▶ _EXERCISE DIRECTIONS_:
The material below holds the lines to copy: from the one with "Ekru Ent Otel" up to and including the one with "Chemin de table". Copy them exactly and skip the pictures.

—————

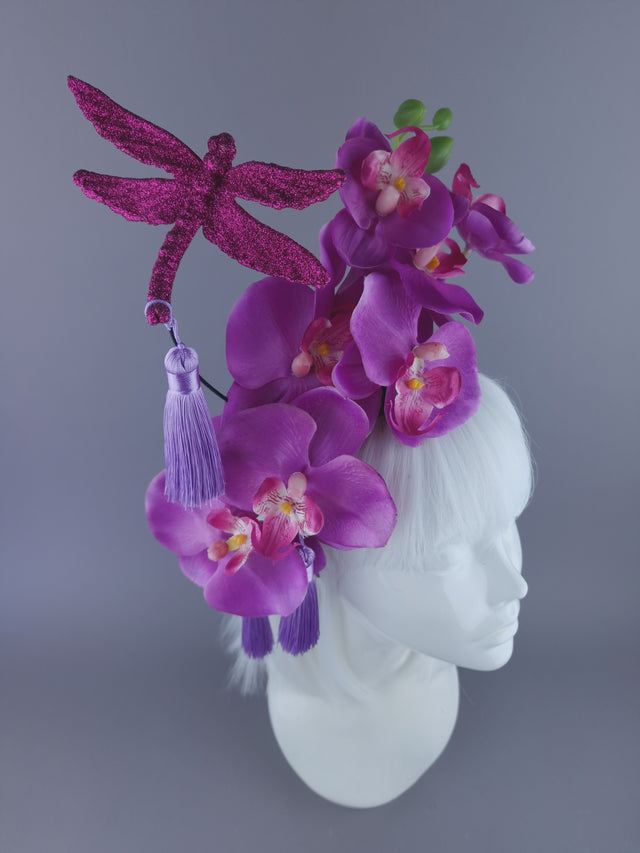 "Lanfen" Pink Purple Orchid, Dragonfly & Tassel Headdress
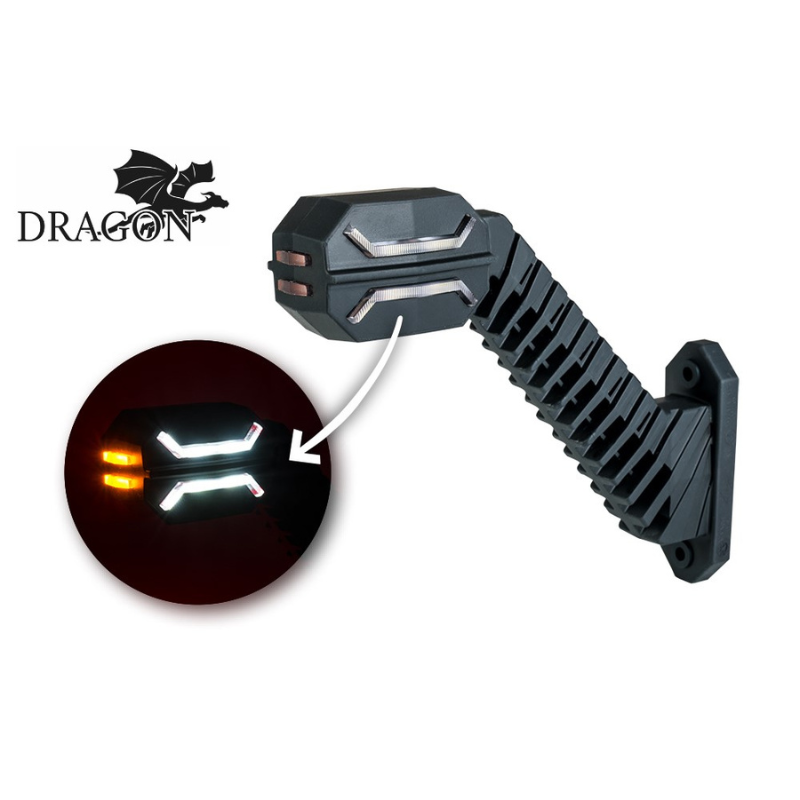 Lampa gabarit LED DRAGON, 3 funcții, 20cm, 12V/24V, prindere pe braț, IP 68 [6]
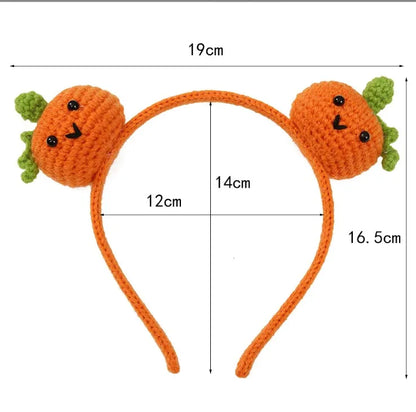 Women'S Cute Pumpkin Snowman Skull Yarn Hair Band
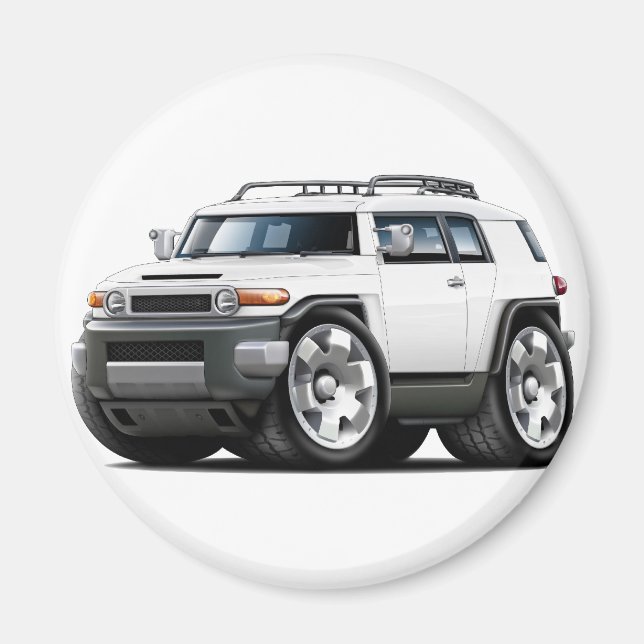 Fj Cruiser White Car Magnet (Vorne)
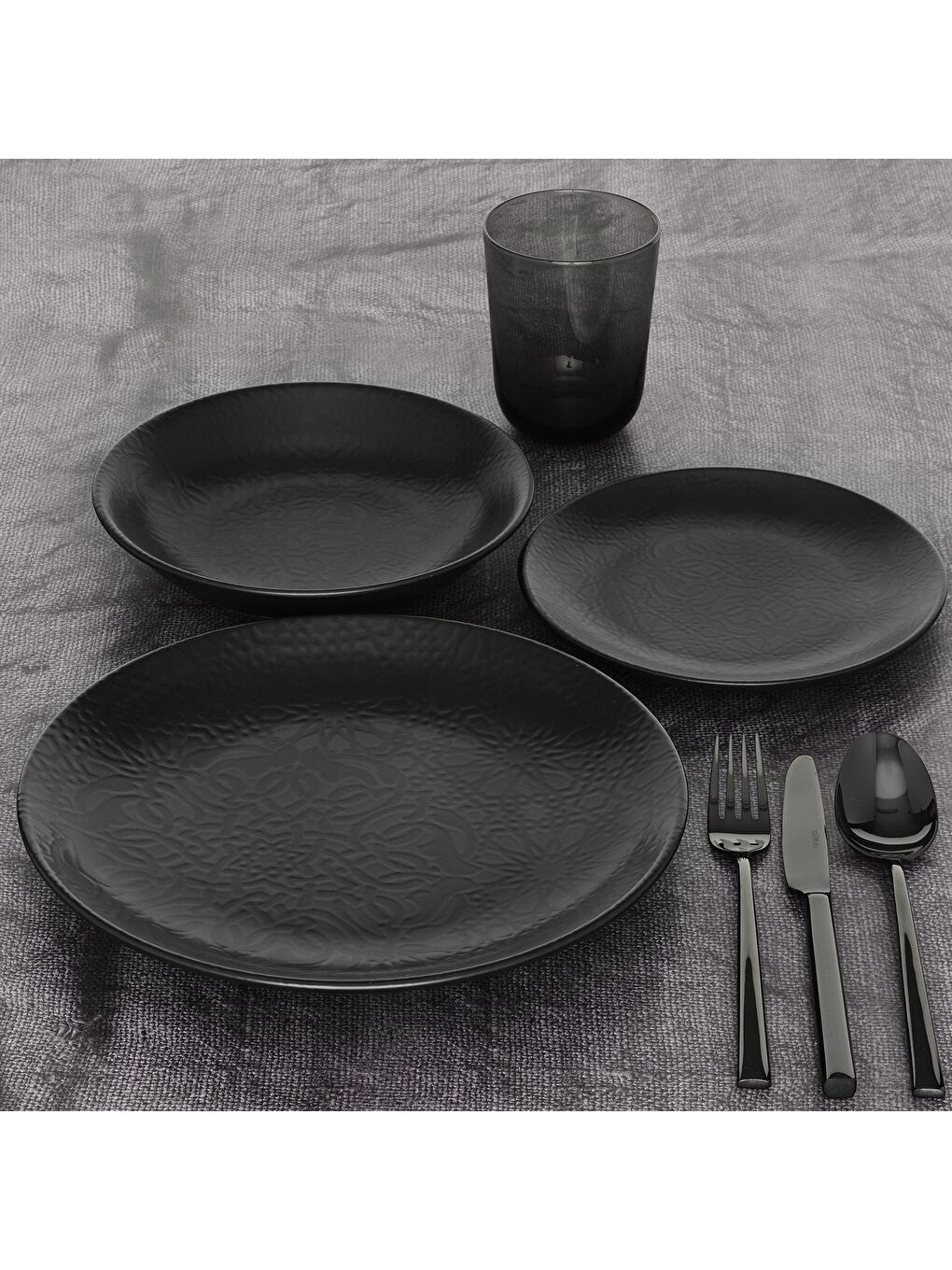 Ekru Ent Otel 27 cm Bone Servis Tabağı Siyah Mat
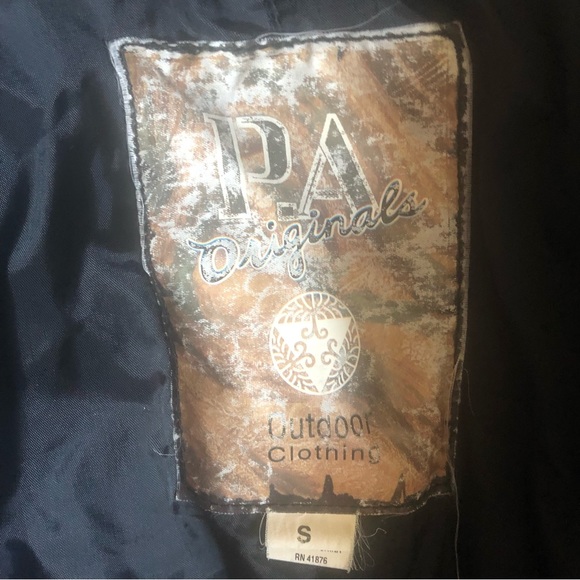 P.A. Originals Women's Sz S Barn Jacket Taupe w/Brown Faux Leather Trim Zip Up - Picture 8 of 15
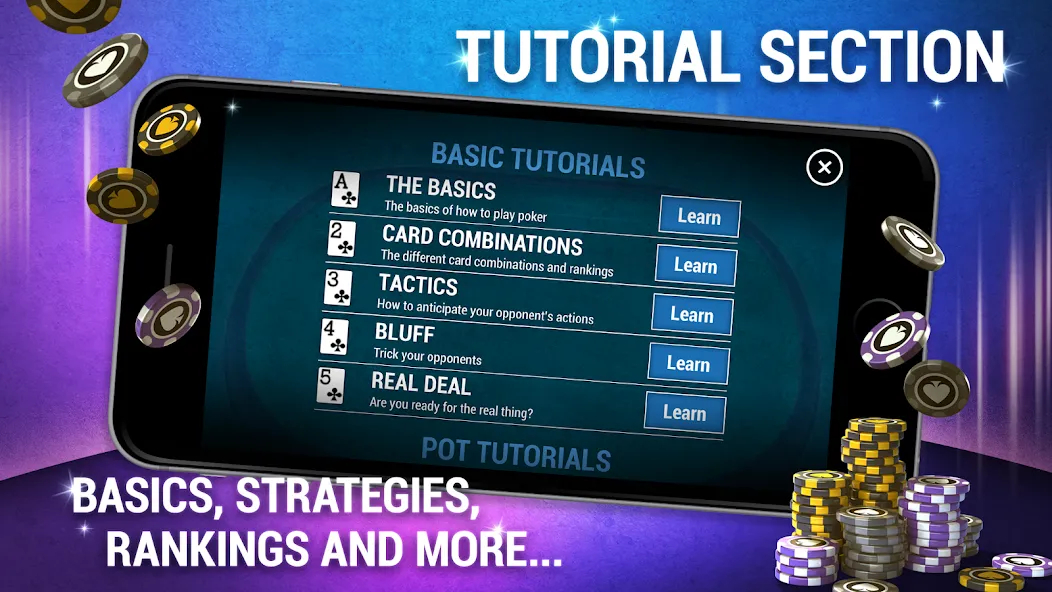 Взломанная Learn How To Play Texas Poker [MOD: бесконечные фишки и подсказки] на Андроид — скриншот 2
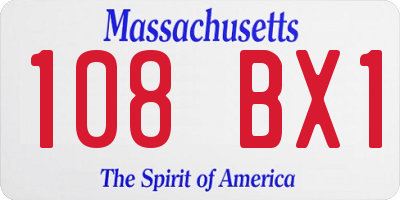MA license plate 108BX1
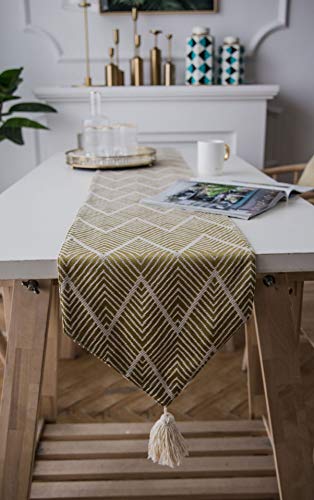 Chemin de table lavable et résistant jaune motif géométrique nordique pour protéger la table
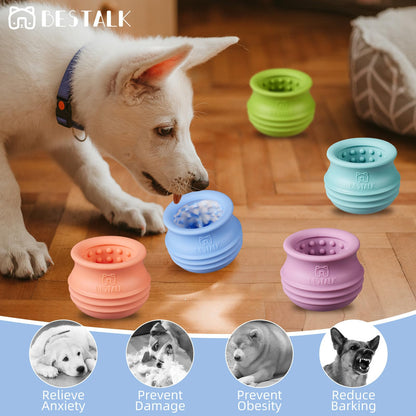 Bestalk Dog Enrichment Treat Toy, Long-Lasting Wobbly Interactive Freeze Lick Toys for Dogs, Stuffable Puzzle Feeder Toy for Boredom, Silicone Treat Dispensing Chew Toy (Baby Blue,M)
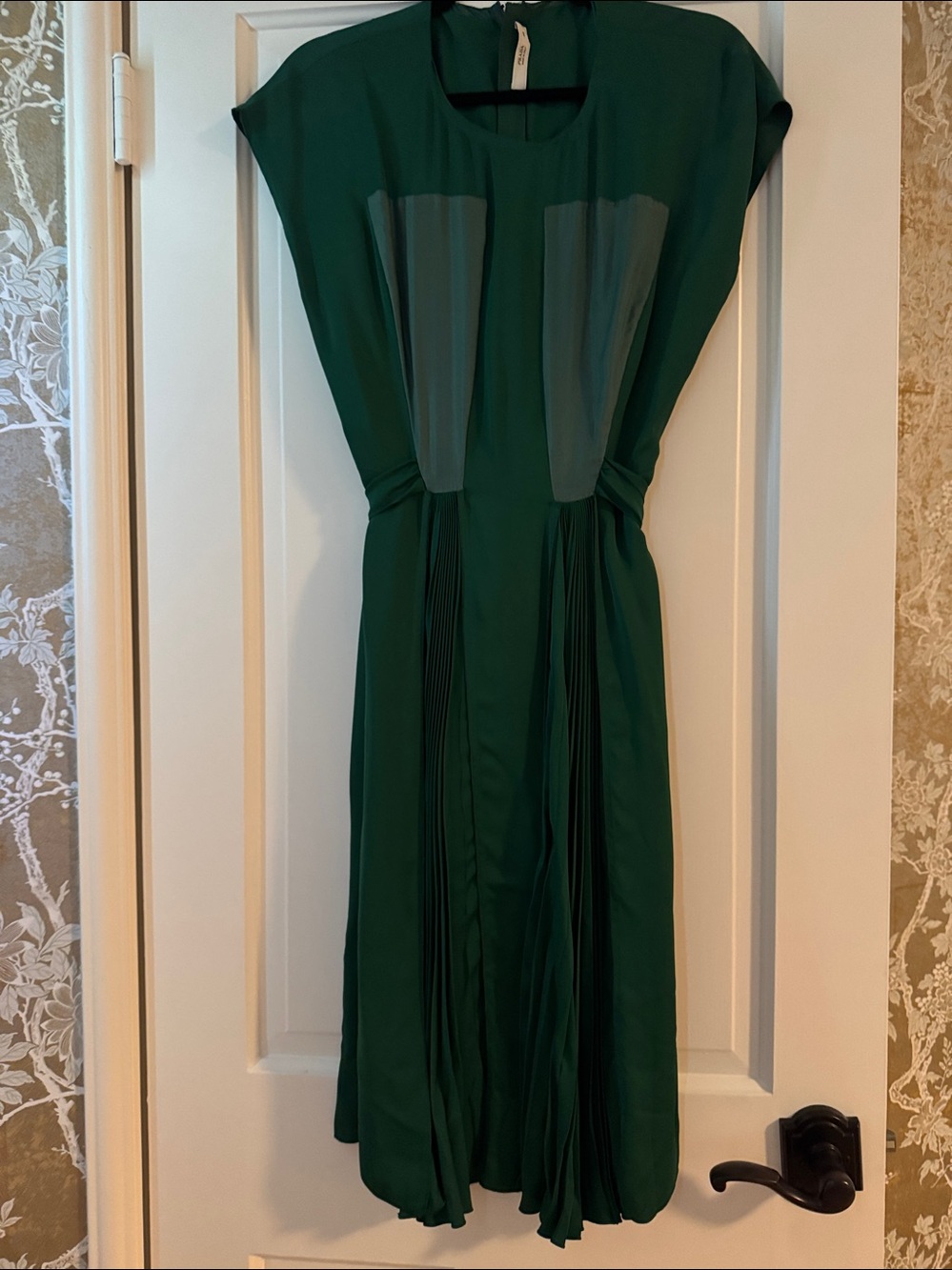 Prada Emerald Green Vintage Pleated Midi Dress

—————

▶ _EXERCISE SOLUTION_:
 Ekru Ent Otel 27 cm Bone Servis Tabağı Siyah Mat
 P.A. Originals Women's Sz S Barn Jacket Taupe w/Brown Faux Leather Trim Zip Up - Picture 8 of 15
 Взломанная Learn How To Play Texas Poker [MOD: бесконечные фишки и подсказки] на Андроид — скриншот 2
MA license plate 108BX1
 Chemin de table lavable et résistant jaune motif géométrique nordique pour protéger la table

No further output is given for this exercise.